Tuesday, April 19, 2011

Reflect

As I grow older I always hope I will learn lessons by association. Usually not. I judged a group of videos for a video contest because some of my students had entered the contest and they needed judges. This goes under no good deed goes unpunished. Well in the process I watched the group of videos I was given and then I left them on my desk and came back a week later and watched again and did the evaluation. A good process. I had calmed down about some of the videos and I found things I had not seen before and liked. Experience #1.

Experience #2
A friend send me a chapter of a book he is working on. I read it and responded right away and not as pleasantly as I should have. I did not learn the lesson from Experience #1. I did not learn by association. I need to learn the lesson of reflection. The brain is a sometimes wonderful thing.

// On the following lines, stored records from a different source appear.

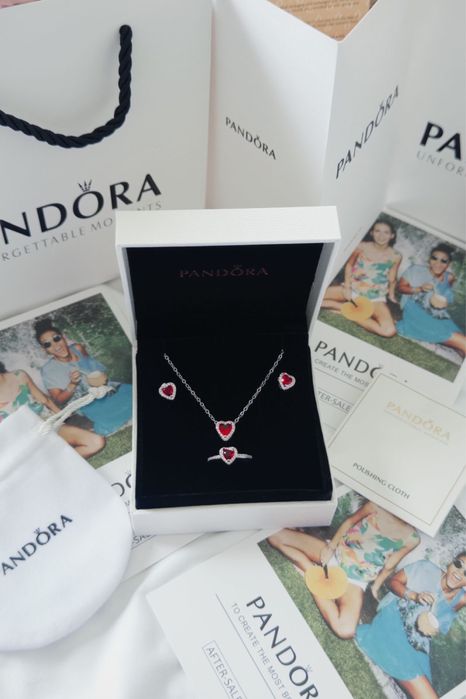 Пандора цепочки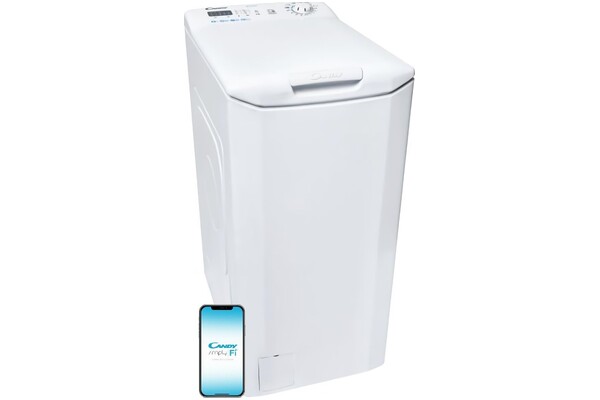 Pralka Candy CST06LET1S Smart 6.0kg 1000obr./min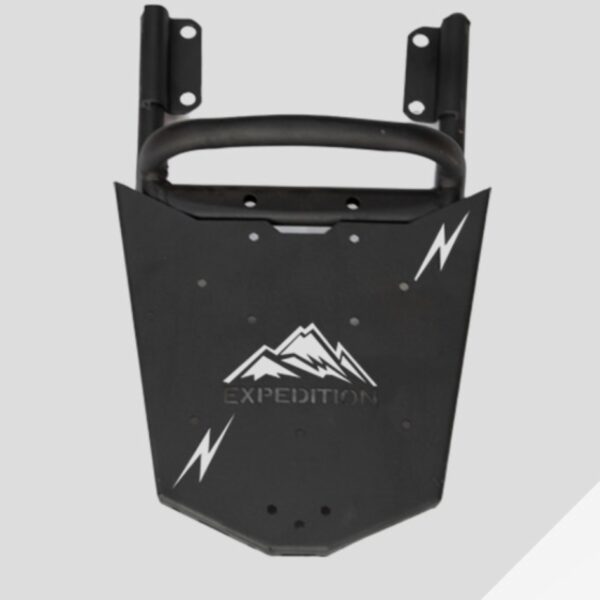 INTERCEPTOR EXPEDITION CARRIER – BLACK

Give it some time to mull over an event and the brain will smooth out some of the rough spots, it will help you see what is important and remind you of some lessons you need to look at.

Without time to reflect I stuck my foot in my mouth and I can do better.

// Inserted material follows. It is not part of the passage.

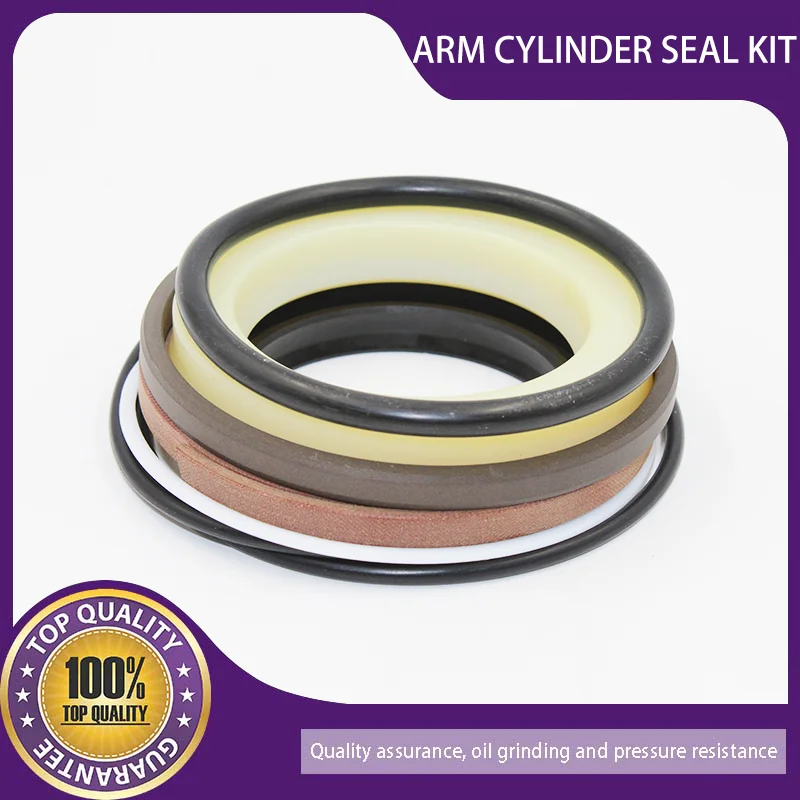 

CA1990609 199-0609 1990609 ARM CYLINDER SEAL KIT FOR CATERPILLAR MINI HYD EXCAVATOR 305 305.5 306 CYLINDER GP-STICK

Maybe I will learn to reflect more often. After all it is what I would like my students to do every once in a while.

Monday, April 11, 2011

The Early Chapters

I was disappointed in the early chapters of the book. He took the easy root and said what was wrong with education and did not have anything constructive to say. For example to use Picasso say that all children are born artists is the same as finding that Linus Pauling might say all children are born scientists. It does not take the conversation forward. It might be more to the point to say that all children are born with many talents and it is a function of schools to bring out those talents. The question becomes how.

Also it is easy to criticize schooling, it is always done because schools are always reacting to what they were told to do 10 years ago. When society needs a talent developed that schools are not developing at the moment it is schools fault. Unfortunately schools do not know what society needs tomorrow only what society thinks it needs today.

Back in the day we needed aerospace engineers, 10 years later those folks were pumping gas because we had too many. Was that the fault of the education system? I do not think so, I think we try to prepare students for a wide variety of paths and then let them loose on the world.

Also when KR says he has talked to many leaders of industry I wonder which ones and what positions were they looking at. For example - at one point the point is that we need fast acting, quick thinking, multicultural leaders. That does not sound like a software engineer to me, but what do I know. And how many do we need of each type?

Preparing students to follow their dreams is a wonderful aspiration, but as my wife and I know what you dream for is not always what will put bread on the table.

Wednesday, April 6, 2011

We Are Not Everyone

As I slowly read the book I come across part that I then think about. For those who know me that may seem a stretch, thinking is always tough.

The author describes his early life. He said that his father grew up and live his life close to where he was born, but the author had traveled widely and his children had as well. I felt that the author felt that his experiences were the norm. I am a contemporary of the author, he was born in 1950 and I in 1948, his father was born 1914 and my father 1910. My father traveled more than I have and had traveled to Europe at a much younger age than I did and my travels were gifts of my parents.

To say that our personal experiences can be generalized to all is not a good plan. There are those still who are born, grow up and die in the same relatively small area of the world. And I guess I ask what does this have to do with the point of the book in general? A second point the author makes is that change is happening more rapidly than ever before. So? Does this mean that what we teach as "basic" education should change? Sure it should, but the problem is what to teach and what to leave out. If "specialized knowledge" is needed what is the specialized knowledge that we should teach and should we leave out some of the "old" knowledge?

Tuesday, April 5, 2011

First thought of Out of Our Minds

#edbookclub is starting the next round of reading and the choice is Ken Robinson's Our of Our Minds. I have read the first 16 pages so I am barely into it. I keep wondering the balance between creativity and content. On page 6 ( of the edition I got in the USA ) he is talking about new technologies and says "New forms of work rely increasingly on high levels of specialist knowledge, and on creativity and innovation."

Is school not the place to learn the specialist knowledge? If so do we lessen the amount of content to put in time for creativity? Also how do we do this? I am full of question and have few answers and will be interested to see what the bookclub think and what is in the book.

As a chemistry teacher I find that my students come to class with little specialist knowledge and that my class is the starting point for their knowledge of chemistry. However it is hard work and students do not like the hard work because it is not fun. I know for myself that my personal learning takes time and effort and is not fun. It is the end result that is fun, the knowledge that I have learned something new, made advances in my own knowledge base and can do something new.